An important implication of the principles of the key function and of differentiation is that of transitivity in the relation among functional units. Relations with environment are necessarily transitive for some units. By the same token, relations among many units are transitive. The advance of specialization increases transitive relations more than proportionally and lengthens the transitive sequences. Thus, it is possible for functional units widely removed from one another so far as direct encounters are concerned to be inextricably linked through their respective linkages with one or more units performing intervening functions. All functions, regardless of kind, are subject to the environmental nexus. They differ only in the immediacy with which influences reach them. Those which operate at or near the ends of chains of relationships may appear to have large degrees of independence of environment. The appearance is illusory, however. It is due, rather, to the time required for effects to reach them and, in complex systems, to their having positions in two or more relational sequences which expose them to countervailing influences.

Principle of dominance

Given the principles stated above, it is a simple inferential step to a principle of dominance. According to this principle, functional units having direct relations with environment, and thus performing the key function, determine or regulate the conditions essential to the functions of units having indirect relations with environment.

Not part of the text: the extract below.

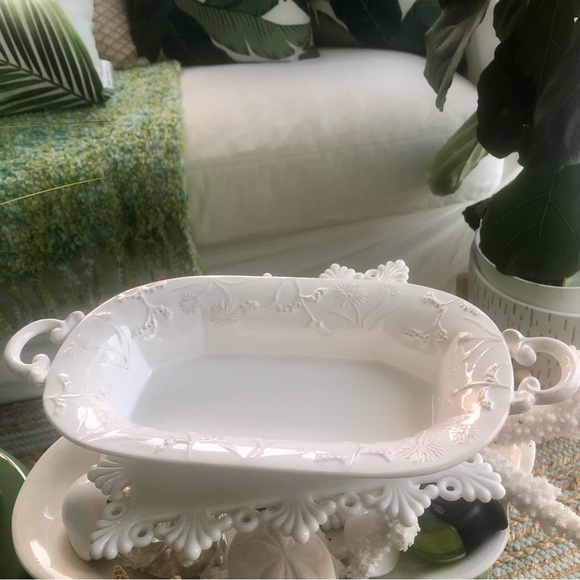 Sweet White Handle Ceramic Serving Display Bowl - Picture 2 of 7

Dominance, in other words, is an attribute of function.

But while the power inherent in a system is unevenly distributed, it is not confined to the key function unit. Power is held in varying degrees by all other units, in measures that vary inversely with the number of steps of removal from direct relation with the unit performing the key function. A single power gradient running through all the units involved in a system assumes a very simple situation, of course, one in which a single unit occupies a key function position. Before introducing complications into this overly simplified conception, it is opportune to note some further implications of the dominance principle.

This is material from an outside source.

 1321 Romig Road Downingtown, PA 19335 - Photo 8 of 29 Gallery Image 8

Where the progress of differentiation has distinguished a relatively large number of units, they tend to form clusters or complex units. A corollary to the dominance principle sheds light on how that comes about: the greater the extent to which variously specialized units are subject to the environmental conditions mediated by some one unit, the greater their tendency to coalesce in a corporate body. The interdependence among such units is manifestly close, and their requirements for mutual accessibility are correspondingly acute. A hierarchic pattern emerges in which the number of strata corresponds to the number of degrees that the parts are removed from direct relations with the key function; thus, symbiotic subsystems appear as components of a parent system. The nuclear family, although its origins are obscure, fits this principle. But instances with more proximate origins are found in the combinations of specialists to form producing enterprises, welfare agencies, governing bodies, etc., and again in the combinations of producing enterprises, retail establishments, or governments to constitute larger, more complex units. There is no restriction of scale or complexity in the formation of symbiotic or corporate units.